Jacob Boehme - The Josephine Porter Institute

Jacob Boehme

Steiner offers a fascinating suggestion about Boehme and the alchemist Paracelsus: “One needs only to know Paracelsus and Jacob Boehme to know theosophy. Everything that they wrote is given from a deep spring, with immense deepness and magic power.” (Berlin, 3rd May 1906) By this, Steiner does not mean the later "theosophy" of Blavatsky, but the mystical tradition within orthodox Christianity centering around the devotional love of God and the wisdom growing out of such love.

Here is the wellspring of existence, the divine power undergirding creation but always in service of life and wisdom. Jacob Boehme's lack of formal education made his writing difficult to understand, because he had to formulate his own terms to explain his spiritual experiences. But this did not make them less valid. They are certainly more difficult to grapple with, because you can't rely on regurgitated ideas from dusty philosophy books. You have to struggle with his ideas until a birth, an epiphany, occurs within your own soul. 

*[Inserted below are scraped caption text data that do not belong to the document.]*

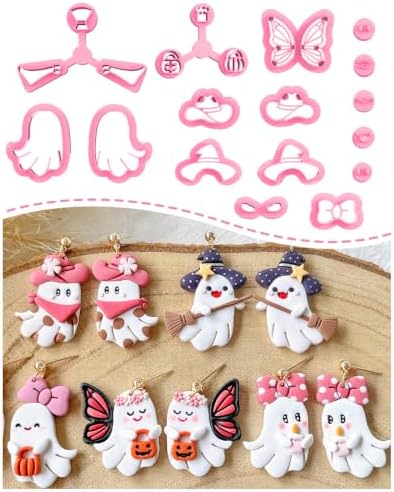 Keoker Cute Ghost Clay Cutters for Polymer Clay Jewelry, Halloween Polymer Clay Cutters Ghost, Fall Clay Earring Cutter
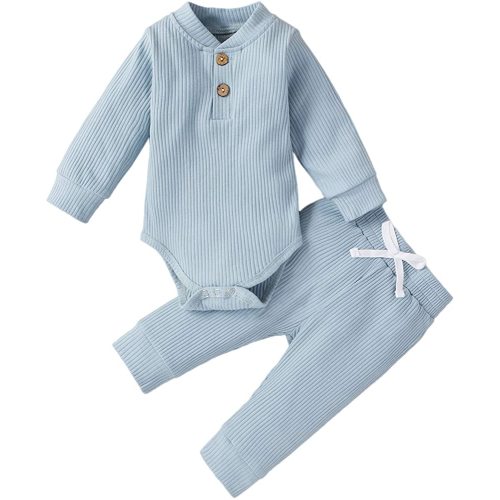 Winter Newborn Baby Boy Girl Clothes Set Ribbed Outfits Unisex Infant Solid Cotton Button Long Sleeve Tops Pants 2PCS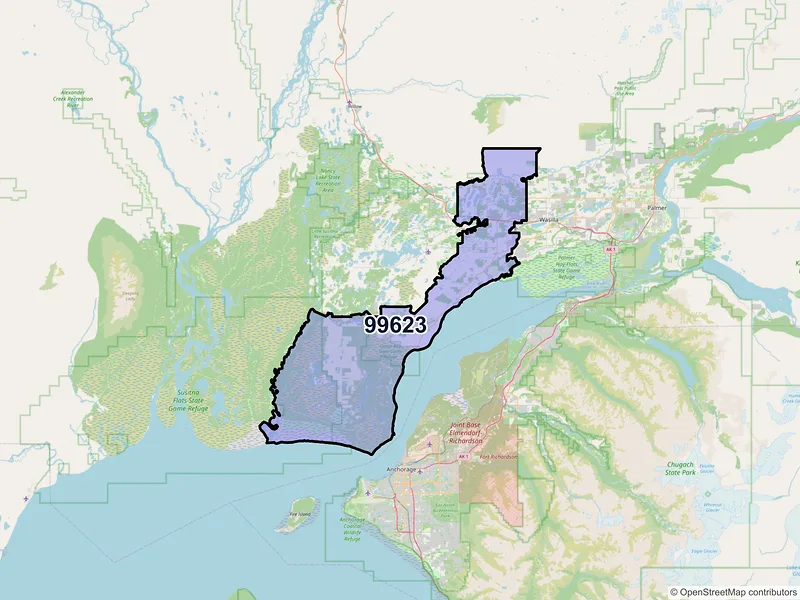 Map of ZIP Code 99623 — Wasilla, AK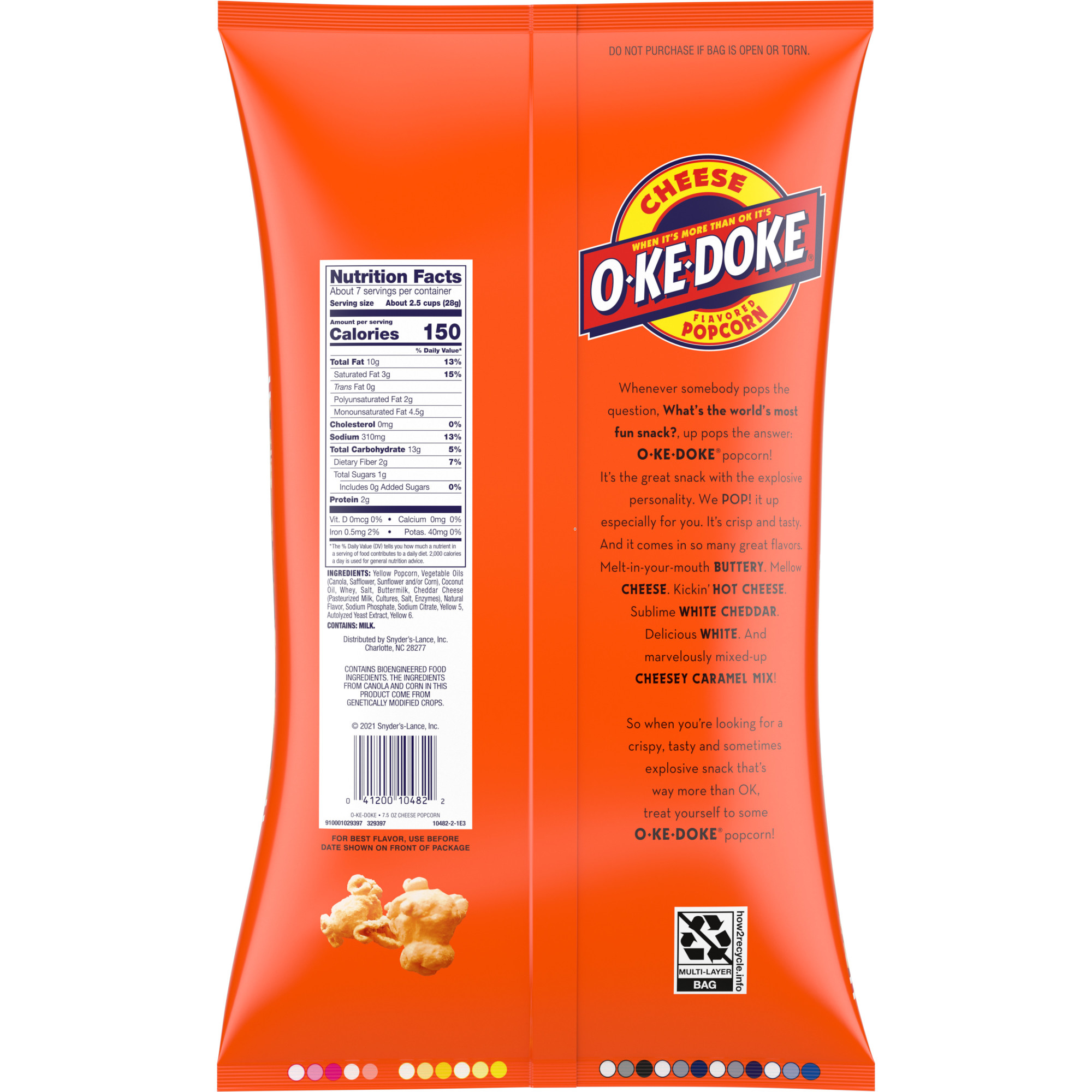 O-Ke-Doke Popcorn, Cheese Popcorn, 7.5 oz Bag thumbnail 3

Virgil wrote his book about farming (literally, "earth works") called Georgics. In traditional schools of thought, the miracles wrought by the apostles was the purest form of divine magic, or theurgy, not as some form of ceremony but as pure and radical submission to the authority of God and an inner rebirth. In Biodynamics, we humbly seek to submit to the laws of Creation, and thereby, to the laws of the living creator of Life itself. In Biodynamics we find an intersection between Theorgics (the work of God) and Georgics (the work of Earth) because we remember that the earth is always dependent on the Sun and the greater cosmos for its sustained existence. Every farm depends on things that we can never repay.

We can look at the world and see that it is gratuitous. It is more than is necessary. If it were not so, everything would be mere determinism. But because the would is graciously more than anyone deserves, the proper response to the world is graciousness and gratitude. When we tend soil in such a way that we give back perhaps a bit more than we take from the soil, we are being gracious stewards.

Jacob Boehme wrote his Aurora in the middle of a climate of nearly absolute religious intolerance in Europe. People were killing each other merely for belonging to a slightly different vocabulary of thought, yet all schools affirmed the centrality of "Love thy neighbor as thyself" and "turn the other cheek." Boehme, as a Lutheran, risked his life meeting with broadminded tolerant Christians of various sects, including those most violently fighting each other. We can find the kindled heart of the Christian message radiating through Boehme's work. May Boehme's magnanimous and tolerant work illuminate our daily lives and our relationship with the Earth as well.